🤖 AI Summary
Most-vote aggregation fails in open-ended reasoning tasks (e.g., code generation, web-based deep research) due to the unbounded solution space. To address this, we propose ThinkMerge: a training-free, parallel inference fusion method. Instead of voting over complete outputs, ThinkMerge synchronously averages the logits of the next token across K parallel generation paths at designated alignment points, yielding a single coherent response. This is the first work to apply test-time parallel scaling to open-domain reasoning and natively supports mainstream inference engines (e.g., vLLM, SGLang) and standard decoding strategies (e.g., top-p, top-k).
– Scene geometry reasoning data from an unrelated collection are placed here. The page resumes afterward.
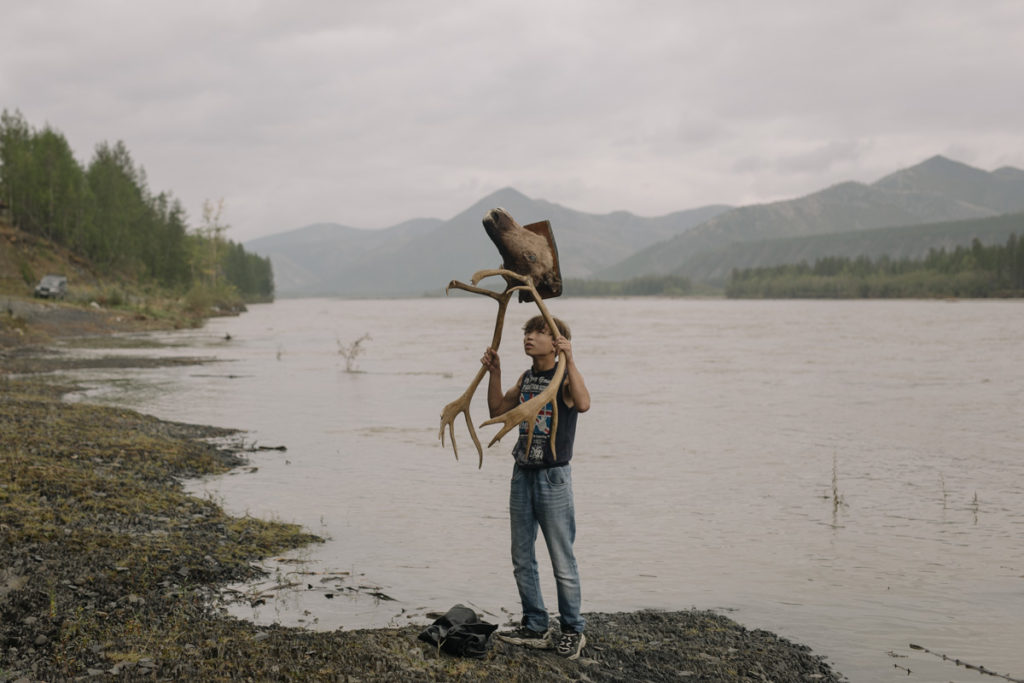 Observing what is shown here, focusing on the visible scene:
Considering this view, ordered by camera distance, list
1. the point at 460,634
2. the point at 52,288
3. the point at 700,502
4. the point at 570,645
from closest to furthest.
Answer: the point at 460,634 → the point at 570,645 → the point at 700,502 → the point at 52,288

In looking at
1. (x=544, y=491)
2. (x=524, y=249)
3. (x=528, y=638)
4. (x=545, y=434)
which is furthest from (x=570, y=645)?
(x=524, y=249)

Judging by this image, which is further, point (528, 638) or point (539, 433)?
point (528, 638)

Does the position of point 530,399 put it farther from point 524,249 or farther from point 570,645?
point 570,645

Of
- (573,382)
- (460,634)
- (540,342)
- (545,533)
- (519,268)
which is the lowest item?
(460,634)

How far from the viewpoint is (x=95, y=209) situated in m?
91.6

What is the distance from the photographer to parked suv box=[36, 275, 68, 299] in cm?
6228

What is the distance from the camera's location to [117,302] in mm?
70000

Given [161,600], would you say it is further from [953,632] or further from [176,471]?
[953,632]

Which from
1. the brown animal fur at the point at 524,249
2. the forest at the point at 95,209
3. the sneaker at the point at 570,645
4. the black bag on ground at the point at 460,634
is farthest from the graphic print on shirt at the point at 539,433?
the forest at the point at 95,209

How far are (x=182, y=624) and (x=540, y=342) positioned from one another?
13.0 ft

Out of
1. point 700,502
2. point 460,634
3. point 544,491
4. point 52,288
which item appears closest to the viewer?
point 460,634

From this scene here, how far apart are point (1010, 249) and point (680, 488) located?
180 m

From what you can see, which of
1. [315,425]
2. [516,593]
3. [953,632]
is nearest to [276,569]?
[516,593]

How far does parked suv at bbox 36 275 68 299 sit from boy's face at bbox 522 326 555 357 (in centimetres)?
6334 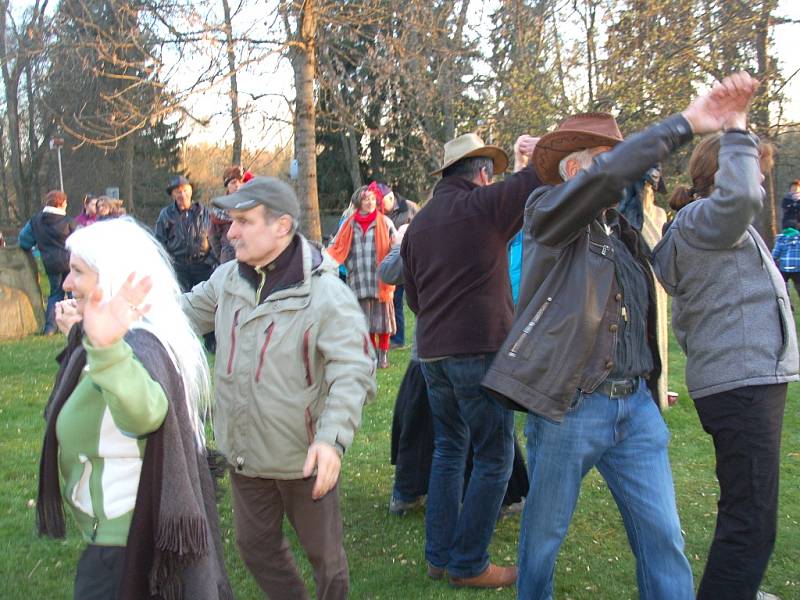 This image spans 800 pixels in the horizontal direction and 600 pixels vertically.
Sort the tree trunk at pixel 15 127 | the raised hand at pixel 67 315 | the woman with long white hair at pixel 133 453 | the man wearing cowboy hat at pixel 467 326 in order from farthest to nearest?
the tree trunk at pixel 15 127 → the man wearing cowboy hat at pixel 467 326 → the raised hand at pixel 67 315 → the woman with long white hair at pixel 133 453

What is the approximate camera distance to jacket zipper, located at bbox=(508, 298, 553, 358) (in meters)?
2.79

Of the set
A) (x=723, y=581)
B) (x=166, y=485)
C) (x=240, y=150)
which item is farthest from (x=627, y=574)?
(x=240, y=150)

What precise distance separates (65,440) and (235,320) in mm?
809

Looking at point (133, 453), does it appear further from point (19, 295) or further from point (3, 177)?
point (3, 177)

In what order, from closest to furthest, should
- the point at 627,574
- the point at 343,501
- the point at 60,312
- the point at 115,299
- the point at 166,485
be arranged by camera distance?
the point at 115,299
the point at 166,485
the point at 60,312
the point at 627,574
the point at 343,501

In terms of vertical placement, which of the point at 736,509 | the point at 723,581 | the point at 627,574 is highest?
the point at 736,509

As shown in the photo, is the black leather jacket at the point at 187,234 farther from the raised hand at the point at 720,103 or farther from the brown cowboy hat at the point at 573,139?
the raised hand at the point at 720,103

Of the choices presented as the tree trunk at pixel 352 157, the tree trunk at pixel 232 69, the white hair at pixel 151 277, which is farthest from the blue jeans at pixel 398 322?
the tree trunk at pixel 352 157

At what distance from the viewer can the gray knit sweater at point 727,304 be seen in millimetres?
2926

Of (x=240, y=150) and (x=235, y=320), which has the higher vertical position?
(x=240, y=150)

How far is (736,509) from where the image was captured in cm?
299

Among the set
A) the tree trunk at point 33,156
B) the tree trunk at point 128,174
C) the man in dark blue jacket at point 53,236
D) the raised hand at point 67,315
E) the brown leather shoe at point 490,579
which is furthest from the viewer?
the tree trunk at point 33,156

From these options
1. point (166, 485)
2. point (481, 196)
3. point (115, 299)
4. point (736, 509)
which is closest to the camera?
point (115, 299)

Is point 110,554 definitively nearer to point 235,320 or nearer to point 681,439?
point 235,320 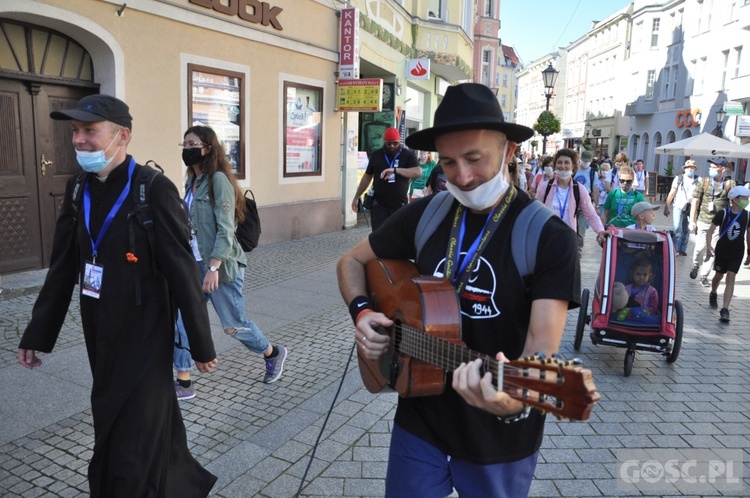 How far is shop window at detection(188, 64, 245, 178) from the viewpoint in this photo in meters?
9.55

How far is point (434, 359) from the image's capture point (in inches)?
71.9

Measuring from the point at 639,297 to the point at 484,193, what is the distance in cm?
446

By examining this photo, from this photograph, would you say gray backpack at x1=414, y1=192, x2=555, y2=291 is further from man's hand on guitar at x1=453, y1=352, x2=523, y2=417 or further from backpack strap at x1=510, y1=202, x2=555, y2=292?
man's hand on guitar at x1=453, y1=352, x2=523, y2=417

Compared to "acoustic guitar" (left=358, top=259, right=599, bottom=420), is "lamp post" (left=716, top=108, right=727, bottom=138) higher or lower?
higher

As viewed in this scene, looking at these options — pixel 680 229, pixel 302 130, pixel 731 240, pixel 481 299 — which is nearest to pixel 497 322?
pixel 481 299

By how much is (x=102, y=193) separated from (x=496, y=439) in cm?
207

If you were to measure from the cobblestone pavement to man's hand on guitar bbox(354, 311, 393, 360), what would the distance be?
1.67 metres

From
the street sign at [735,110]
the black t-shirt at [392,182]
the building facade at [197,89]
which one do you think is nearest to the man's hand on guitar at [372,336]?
the black t-shirt at [392,182]

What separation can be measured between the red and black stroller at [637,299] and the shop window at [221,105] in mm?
6737

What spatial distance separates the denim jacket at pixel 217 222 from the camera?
4359 mm

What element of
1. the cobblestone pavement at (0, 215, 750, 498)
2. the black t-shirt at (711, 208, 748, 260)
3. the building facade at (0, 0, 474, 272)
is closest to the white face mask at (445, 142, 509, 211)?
the cobblestone pavement at (0, 215, 750, 498)

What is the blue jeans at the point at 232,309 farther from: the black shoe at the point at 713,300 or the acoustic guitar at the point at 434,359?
the black shoe at the point at 713,300

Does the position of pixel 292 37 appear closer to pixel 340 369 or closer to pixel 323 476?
pixel 340 369

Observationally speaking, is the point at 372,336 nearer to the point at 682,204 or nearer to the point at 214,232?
the point at 214,232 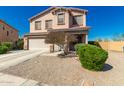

Experiments show that ThinkMerge matches traditional majority voting on AIME and GPQA, improves pass@1 by +8.28% on LiveCodeBench (hard) for DeepCoder-14B-Preview and by +7.58% for Qwen3-8B, and significantly enhances performance of autonomous agents (e.g., WebSailor) on multiple deep-research benchmarks.
📝 Abstract
Majority voting has proven effective for close-ended question answering by aggregating parallel reasoning traces. However, it is not directly applicable to open-ended reasoning, such as code generation and web-based deep research, where a"majority"over complete solutions is ill-defined. We introduce ThinkMerge, a training-free, plug-and-play decoding strategy that runs K parallel reasoning traces and averages their next-token logits at synchronization points to produce a single coherent output. ThinkMerge integrates seamlessly with vLLM/SGLang and remains compatible with standard decoding techniques such as Top-p/Top-k. Empirically, it matches or surpasses majority voting on AIME and GPQA, while delivering consistent gains on open-ended coding tasks: on LiveCodeBench (hard), pass@1 improves by +8.28% for DeepCoder-14B-Preview and +7.58% for Qwen3-8B. Beyond code, we further show that ThinkMerge improves web-based deep-research agents (e.g., WebSailor-7B/32B) across GAIA, BrowseComp-en/zh, and XbenchDeepSearch. These results demonstrate that parallel test-time scaling can benefit open-ended reasoning without relying on voting over complete outputs.